What to work on -
Lines before the one containing "Tropical Storm Hilda" are not wanted. Transcribe that line and all after it exactly, to the end of the entries.

Crawled caption data:
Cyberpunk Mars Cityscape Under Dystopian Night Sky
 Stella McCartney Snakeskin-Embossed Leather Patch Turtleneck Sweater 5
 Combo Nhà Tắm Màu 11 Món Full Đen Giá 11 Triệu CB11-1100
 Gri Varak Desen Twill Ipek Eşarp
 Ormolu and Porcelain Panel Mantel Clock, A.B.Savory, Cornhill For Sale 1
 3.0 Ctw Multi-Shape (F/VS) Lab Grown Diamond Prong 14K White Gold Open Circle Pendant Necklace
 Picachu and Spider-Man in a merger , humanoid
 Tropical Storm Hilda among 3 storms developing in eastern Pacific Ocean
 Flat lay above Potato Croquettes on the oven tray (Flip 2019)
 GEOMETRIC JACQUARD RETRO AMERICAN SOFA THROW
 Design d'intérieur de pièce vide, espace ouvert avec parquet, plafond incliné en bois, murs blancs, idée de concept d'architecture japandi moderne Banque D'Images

Output of the exercise -
 Tropical Storm Hilda among 3 storms developing in eastern Pacific Ocean
 Flat lay above Potato Croquettes on the oven tray (Flip 2019)
 GEOMETRIC JACQUARD RETRO AMERICAN SOFA THROW
 Design d'intérieur de pièce vide, espace ouvert avec parquet, plafond incliné en bois, murs blancs, idée de concept d'architecture japandi moderne Banque D'Images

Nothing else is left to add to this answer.